The risk to this view is not the tiny revenue miss; it is that free cash flow improvement gets absorbed by depreciation before investors see it in per-share economics. Q4 operating expenses were $967 million, up 3% from a year ago, and trailing twelve-month operating expenses were $3.9 billion or 22% of revenue. Operating profit was $1.5 billion in the quarter or 33% of revenue and was up 7% from the year-ago quarter. Those are not broken operating metrics, but they leave less room for disappointment if gross margin stalls near 55.9% instead of recovering toward 58.0%. The company’s own accounts show gross profit in the quarter was $2.5 billion or 56% of revenue, net income was $1.2 billion or $1.27 per share, and cash flow from operations was $2.3 billion. The equity case works if the next few quarters show the revenue base absorbing fixed costs and depreciation.
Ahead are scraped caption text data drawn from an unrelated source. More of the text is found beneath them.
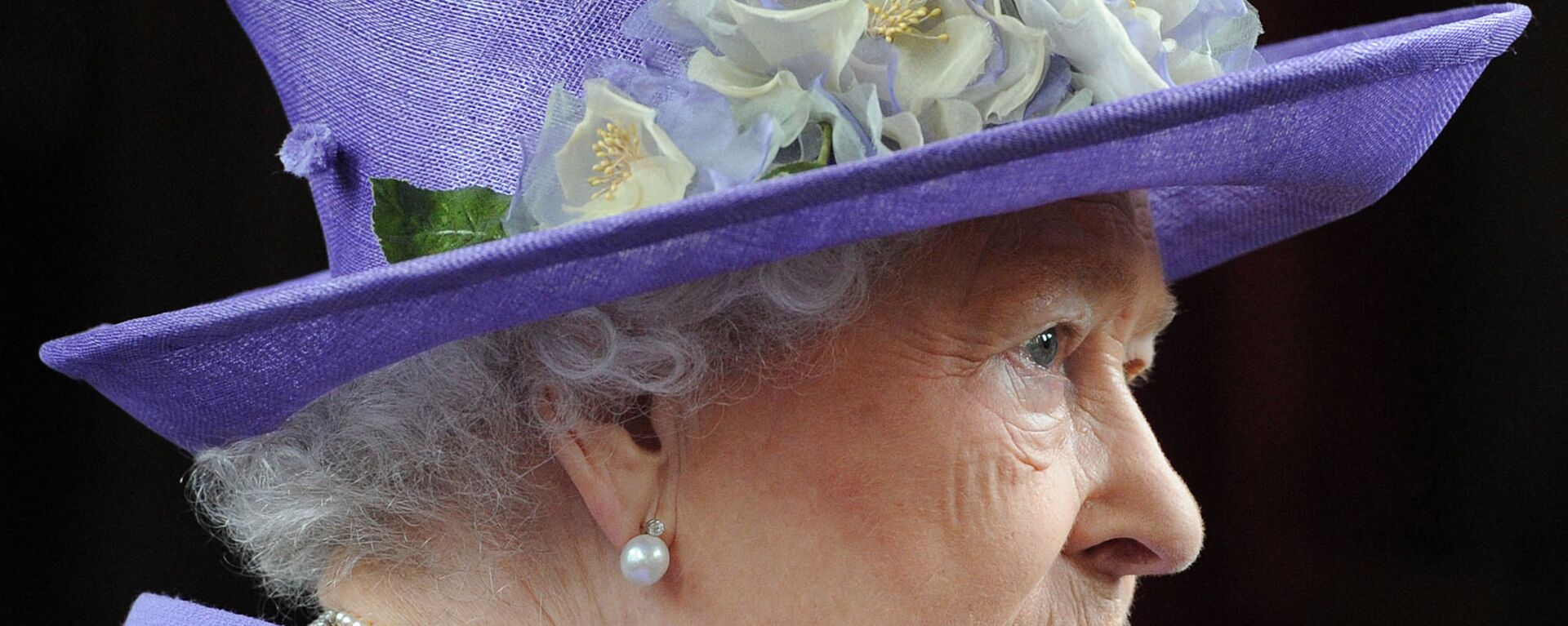 ملكة بريطانيا إليزابيث الثانية ترتدي بذلة وطاقية بنفسجية اللون - سبوتنيك عربي, 1920, 01.09.2022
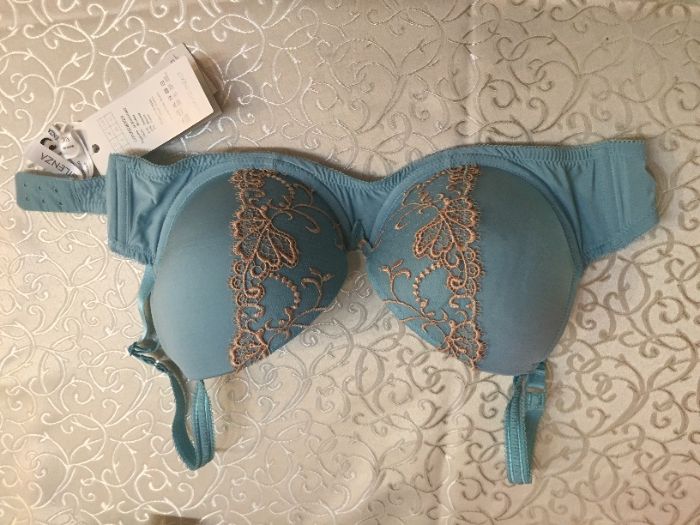 Набор бюстгальтер плюс трусики  80 B, С  Италия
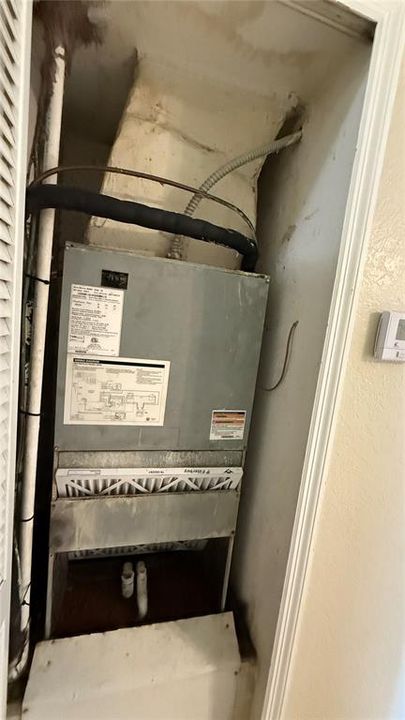 For Rent: $1,800 (3 beds, 2 baths, 1205 Square Feet)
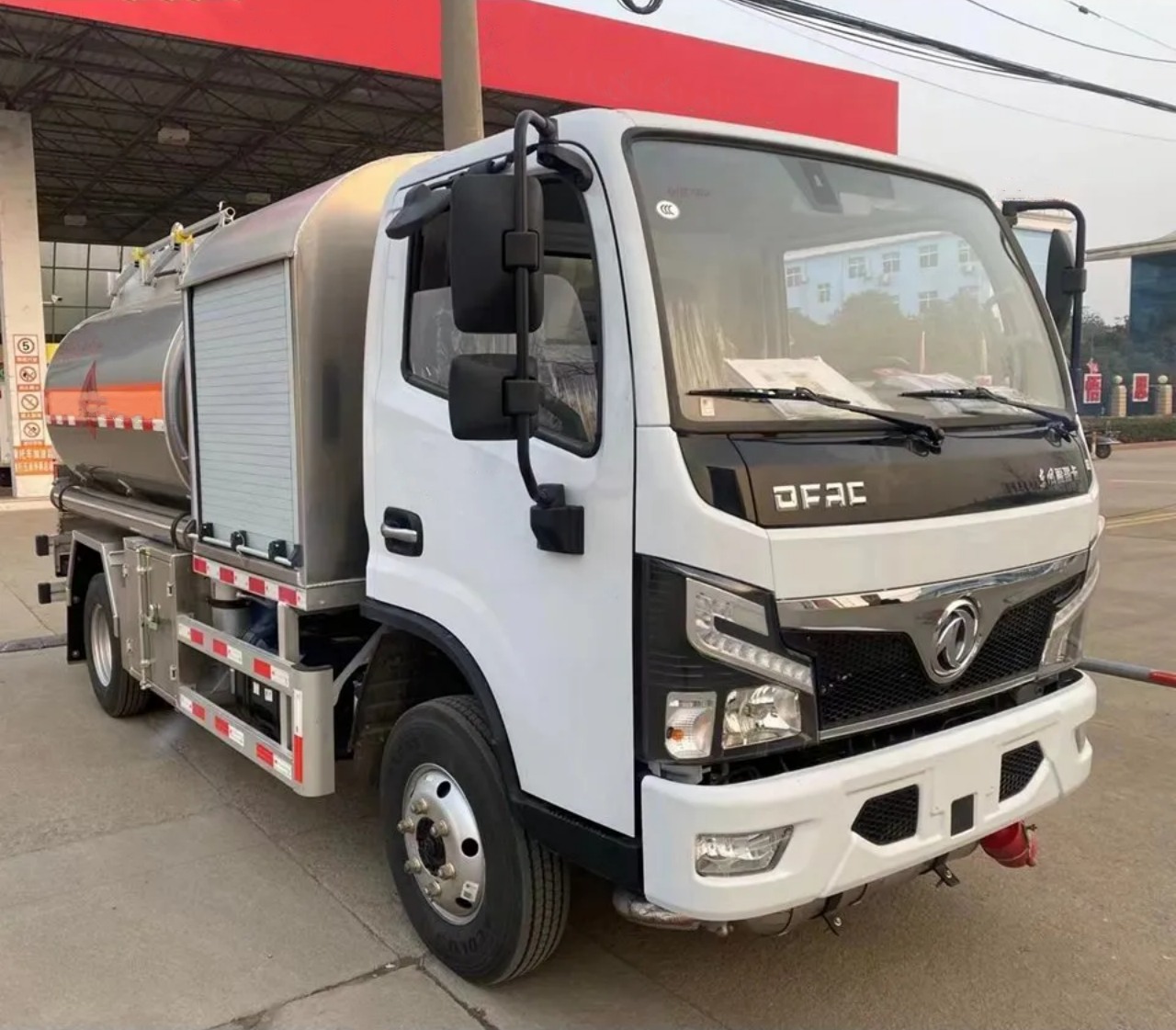 4000 Liters Small Aircraft Refueling Truck (2)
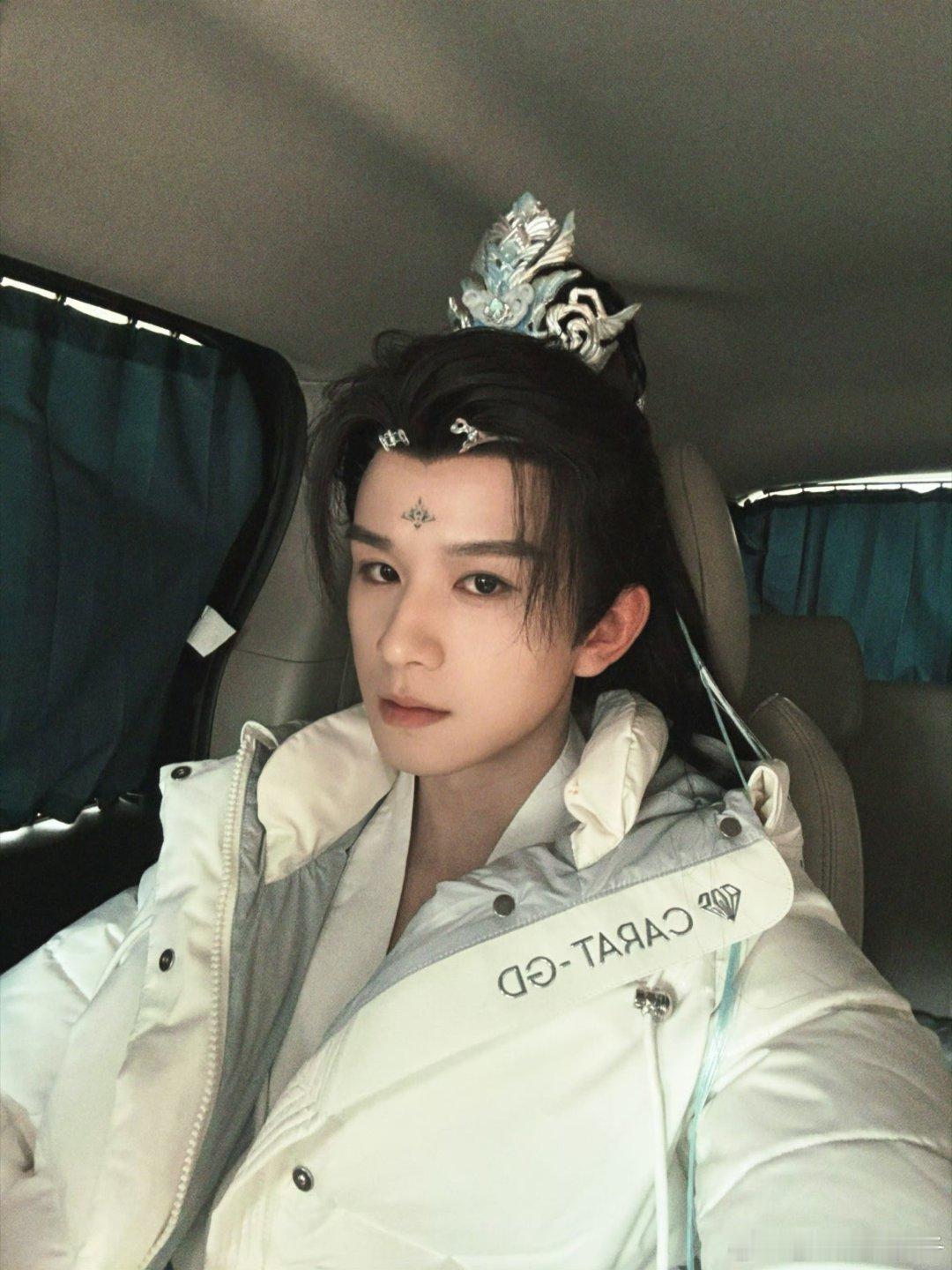 漆培鑫 张皓炘 ，他最火的时候就是塌房的时候了吧[允悲][允悲][允悲] 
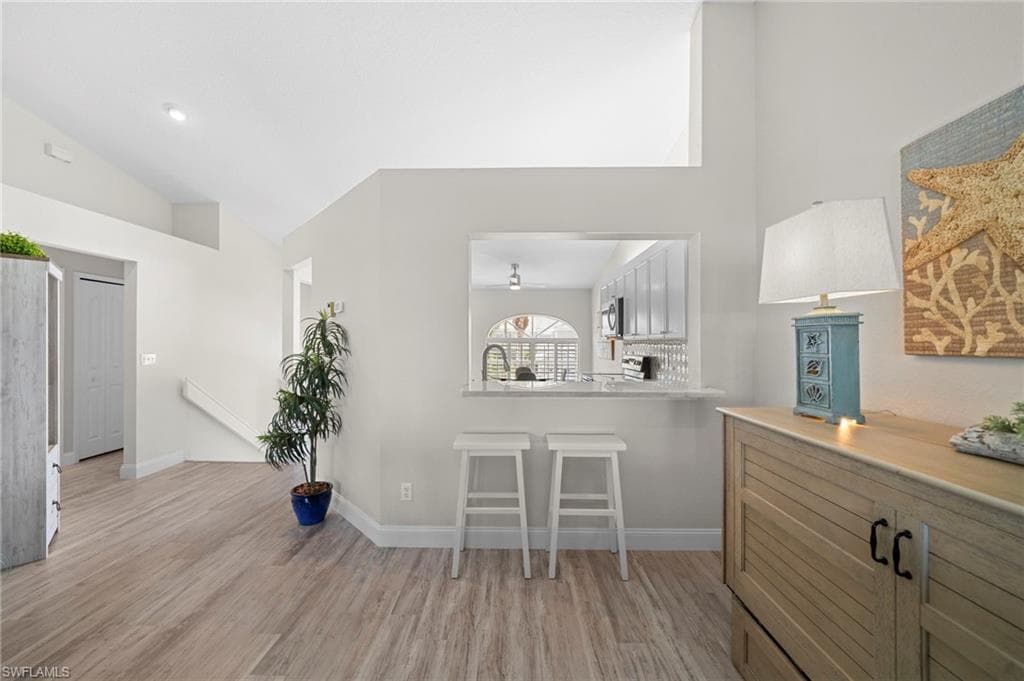 13120 Castle Harbour DR # N4, NAPLES FL 34110-10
It breaks if sequential revenue turns negative again while depreciation moves toward $2.2 to $2.4 billion in 2026.

What to watch next is therefore concrete. First, revenue must stay above Q4’s $4,423.0 million and ideally validate the Q1 FY2026 history at $4,825.0 million; a return toward the guided low of $4.32 billion would break the demand part of the thesis. Second, gross margin needs to hold near the Q1 FY2026 level of 58.0%, because another print near 55.9% would suggest the Q4 trough was not transitory. Third, EPS must show that the $1.27 Q4 result was the seasonal low, with $1.69 in Q1 FY2026 as the confirmation level and the guided $1.22 to $1.48 range as the management-commitment baseline. Fourth, capital expenditures should track toward the stated 2026 range of $2 and $3 billion after $4.6 billion in 2025, while depreciation should be monitored against the $2.2 to $2.4 billion expectation. Finally, on the next call, sentiment above 0.19 with guidance_tone above 0.13 and qa_evasiveness below 21.1 would confirm that management can explain the cash-flow inflection without sounding more defensive; if qa_evasiveness rises again from 21.1 while gross margin slips below 58.0%, the market will be right to keep underwriting the capex overhang rather than the recovery.